I don't ride competitively, and there's nothing better than having someone else to ride with. I know what you mean about getting to a level where a sport just isn't fun anymore. I played hardball growing up and about 4 years after I got out of school, I thought maybe it would be fun to try it again. Well, I found an 'A' Senior league. I played about 5 nights per week and some double headers, plus I was working full time. It wasn't fun.

I agree, getting older and wiser definitely helped me realize that I don't need to compete so hard, just enjoy the things I like most.


----------



## freighttrainuphill (Feb 3, 2012)

dhosinski said:


> I don't ride competitively, and there's nothing better than having someone else to ride with. I know what you mean about getting to a level where a sport just isn't fun anymore. I played hardball growing up and about 4 years after I got out of school, I thought maybe it would be fun to try it again. Well, I found an 'A' Senior league. I played about 5 nights per week and some double headers, plus I was working full time. It wasn't fun.
> 
> I agree, getting older and wiser definitely helped me realize that I don't need to compete so hard, just enjoy the things I like most.


I do have a blast when I ride with others!  Last Saturday I did my first group ride, and it was great fun, especially when the road turned upwards and I was able to have more fun pushing hard on the climb. There's a ride video of the climbs and descents in the post I embedded the link to. 

The thing I like about a solo ride is the complete freedom to go wherever you want, and do whatever you want, whenever you want, however you want.


----------



## bmf032 (Sep 8, 2010)

That is an awesome story! I find that my passion for cycling is much higher when I ride for the pure fun of the sport and not as competition. For others it's just the opposite. Congratulations on finding your passion again.:thumbsup:


----------



## boulderjordan (Feb 23, 2012)

This is how mountain biking should be! Not about how technically advanced or new the bike is, just how much fun you can have on it!


----------



## ghettocop (Jul 26, 2011)

Great stuff. Brings back fond memories of my 1996 GF Paragon. Thanks for the great thread.


----------



## D-REW (Feb 21, 2012)

sick story man! that's crazy how great it still rides


----------



## dhosinski (Nov 24, 2009)

boulderjordan said:


> This is how mountain biking should be! Not about how technically advanced or new the bike is, just how much fun you can have on it!


One thing to keep in mind is, if it weren't for those older designs there would be no "lessons learned," and the newer designs wouldn't be where they are today.


----------



## red94yj (Sep 5, 2011)

Gotta love steel hardtails....Miss my old ParkPre!


----------



## dhosinski (Nov 24, 2009)

red94yj said:


> Gotta love steel hardtails....Miss my old ParkPre!

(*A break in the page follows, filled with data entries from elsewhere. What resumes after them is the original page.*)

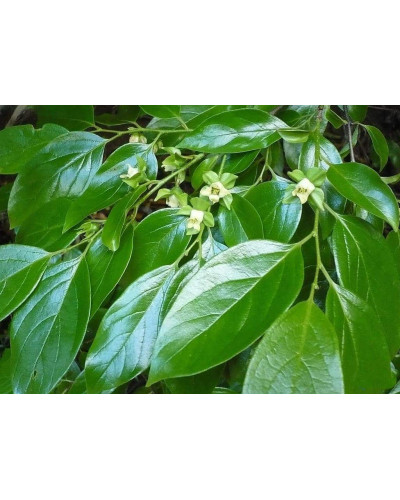 Хурма ‘Гора Говерла’|Diospyros virginiana x kaki ‘Mount Hoverla‘|Хурма ‘Гора Говерла’
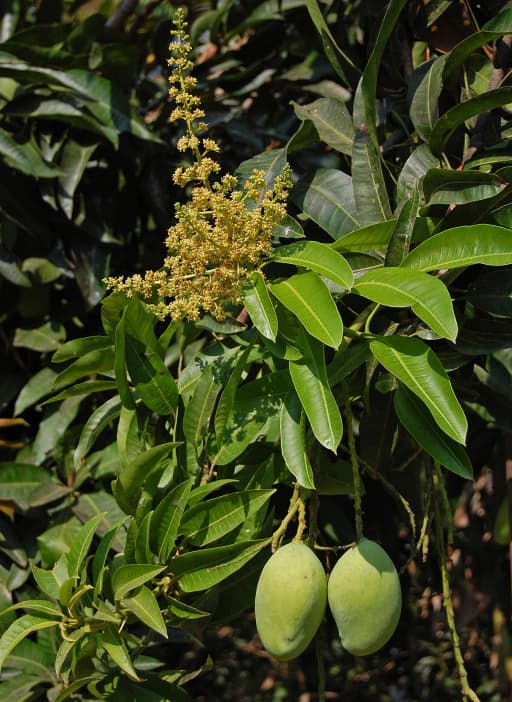 Mango flowers and fruit on a tree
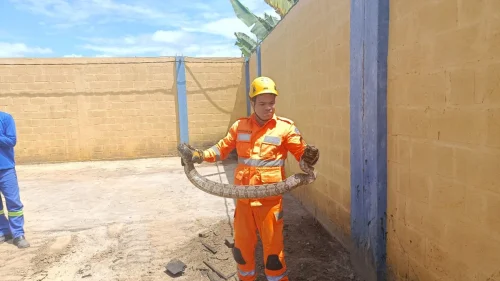 Jiboia de 1,5 metro é resgatada em empresa no interior de Minas Gerais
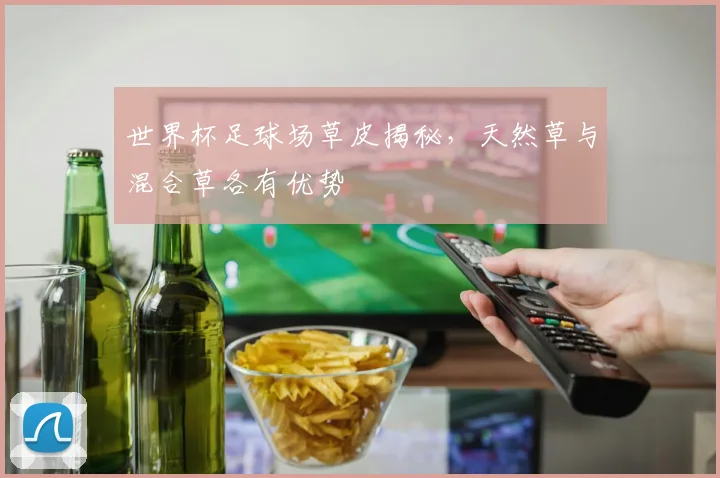 世界杯足球场草皮揭秘,天然草与混合草各有优势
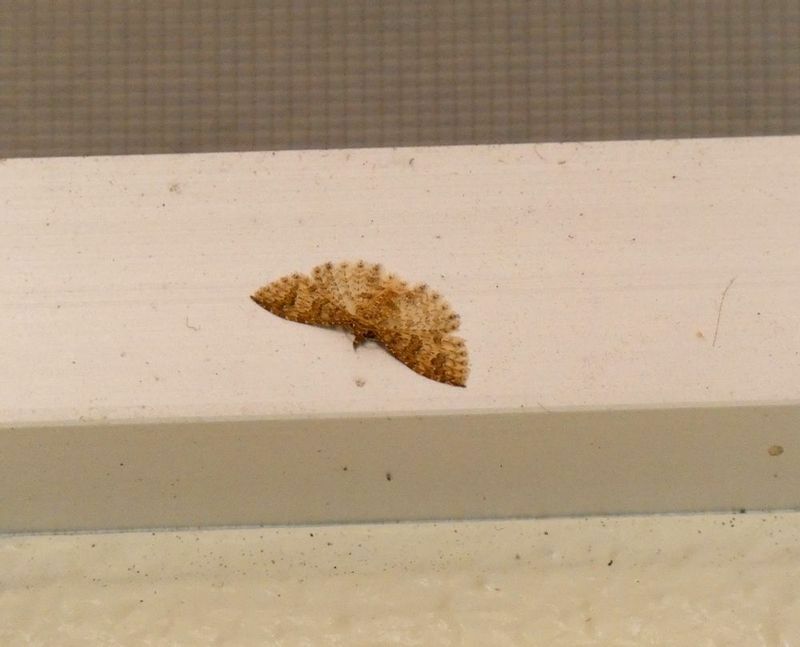 公園のトイレの天井近くにいたニジュウシトリバ。用を足す時は忘れず周囲の虫をチェック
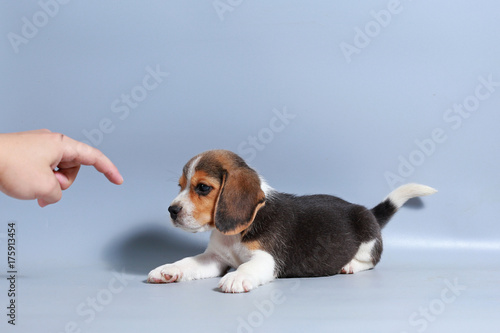  1 month pure breed beagle Puppy on gray screen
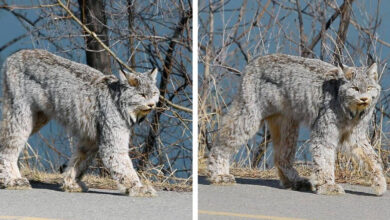 Gorgeous Wild Cat Turns Heads As She Casually Struts Down Street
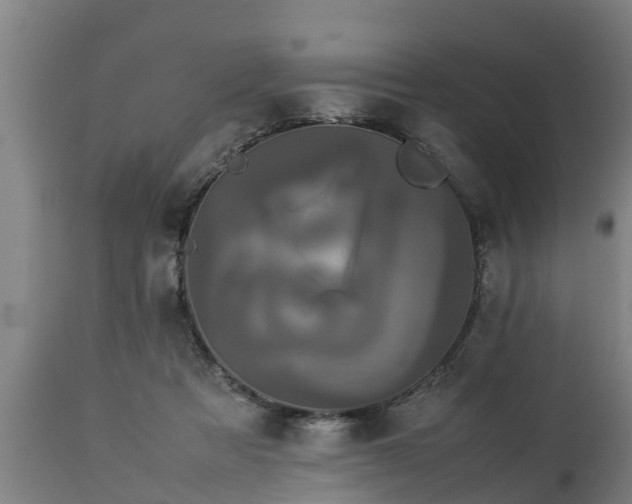 X0000112850313200908281609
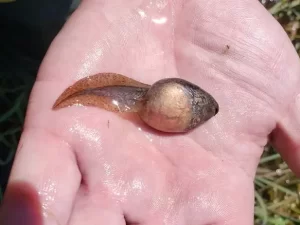 Northern leopard frog tadpole bottom view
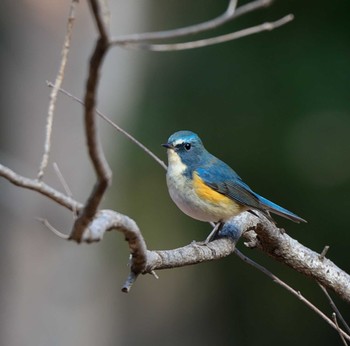 Red-flanked Bluetail 東京都多摩地域 Thu, 1/11/2024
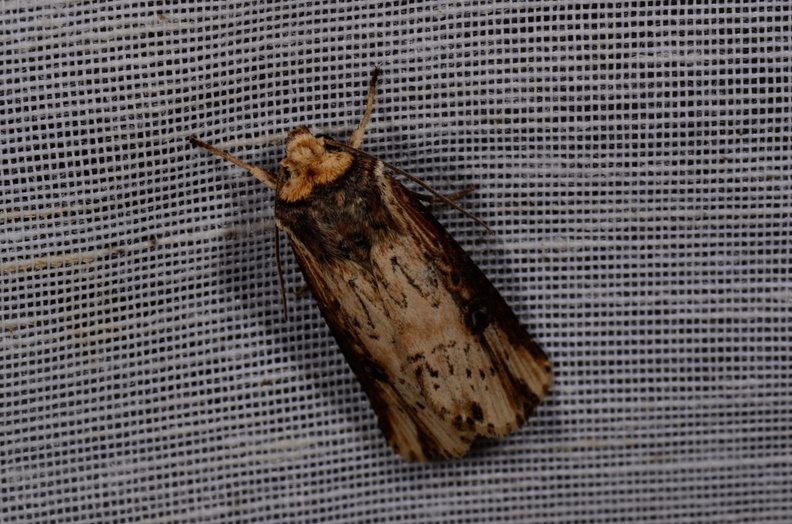Chasse Aux Papillons - Mautré - 19-08-2012 - Axylia putris (42).JPG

It's funny how the market has gone back and forth with whether or not they like steel? 
First it was bad because the frame flexed, then it was good because the chainstays flexed. Aluminum was thought to be much better, but then it was too stiff, the frames were cracking. Now with all of the data they have they can finally do something with just about any metal technology they want to.


----------



## Mugochap (Nov 12, 2010)

red94yj said:


> Gotta love steel hardtails....Miss my old ParkPre!

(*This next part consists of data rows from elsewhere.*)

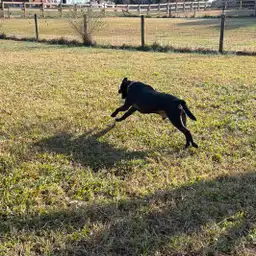 Sniffspot Yolistone Image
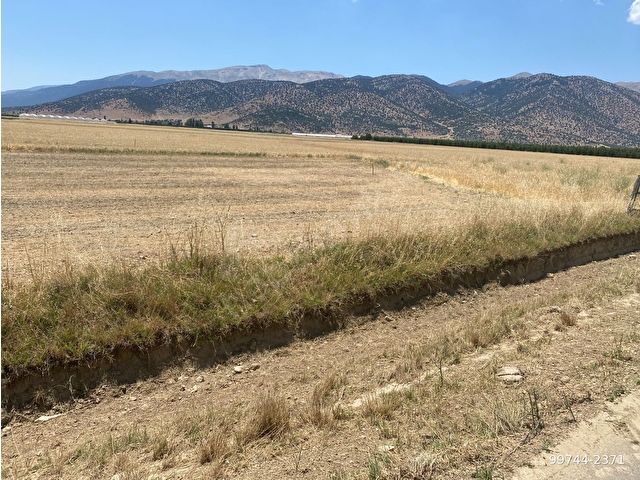 ALİ TOSUNDAN BAYRALARDA ELMALI-TEKKE ASFALTINA CEPHELİ  2.138 m2 VE 1.400 m2 (2 ADET  ARAZİMİZ) - Görsel 2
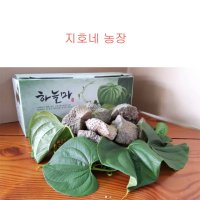 2023년 고창황토밭 열매마 하늘마 우주마 둥근마 넝쿨마 2kg 지호네농장 무료배송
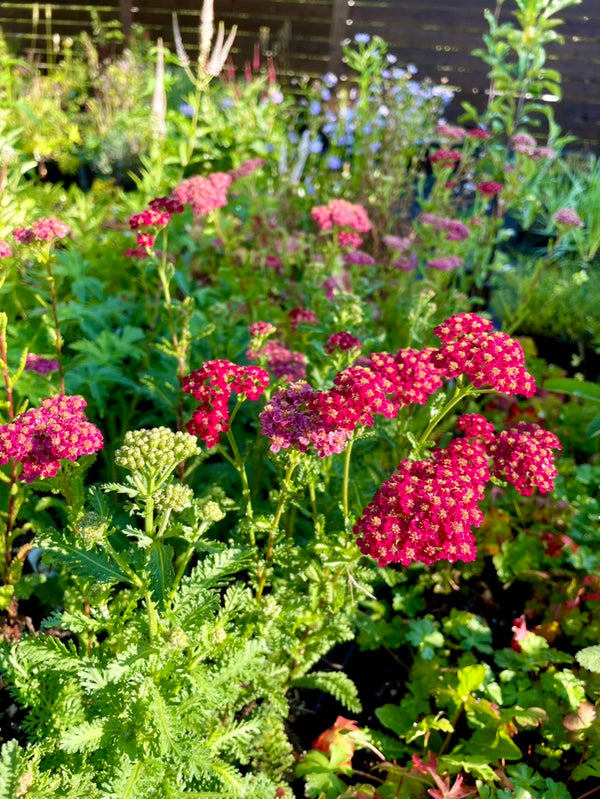 Achillea millefolium ‘Red Velvet’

Yeah, I'm a big fan of steel. My next bike is going to be a steel framed 29er. Though unfortunately that is going to have to wait a bit longer... blew the clutch in my car this week! :madman:

Thanks for all the comments everyone. If I'd have known the thread was going to be this popular, I'd have spent a little more time to improve the quality and content of the original post.


----------



## deanimate (Feb 23, 2012)

Nice story


----------



## jimwg (Aug 7, 2010)

Last year a very popular MTBmAgazine had an article about 'how often your bikes/components need to be replaced...' They said (as I remember) that your seat and a couple other things could last a couple years, but just about every component including the frame, were tagged as replace every 6months to 1 year!!!??? (Please don't respond to this comment as if I don't know that theyr'e full of **it and they just want to sell bikes) I thought it was hilarious. I'd seen similar articles in the past but this one was shameless.


----------



## Loudviking (Oct 23, 2011)

Titanium don't need no replacement^^^


----------



## zebrahum (Jun 29, 2005)

Loudviking said:


> Titanium don't need no replacement^^^


I wish my Tass was Ti; many years ago I got a small dent in the top tube from a bike rack and the paint is starting to show the telltale signs of stress: spider cracking paint. Soon to be wall art I suppose but it was a good ride while it lasted.


----------



## Loudviking (Oct 23, 2011)

zebrahum said:


> I wish my Tass was Ti; many years ago I got a small dent in the top tube from a bike rack and the paint is starting to show the telltale signs of stress: spider cracking paint. Soon to be wall art I suppose but it was a good ride while it lasted.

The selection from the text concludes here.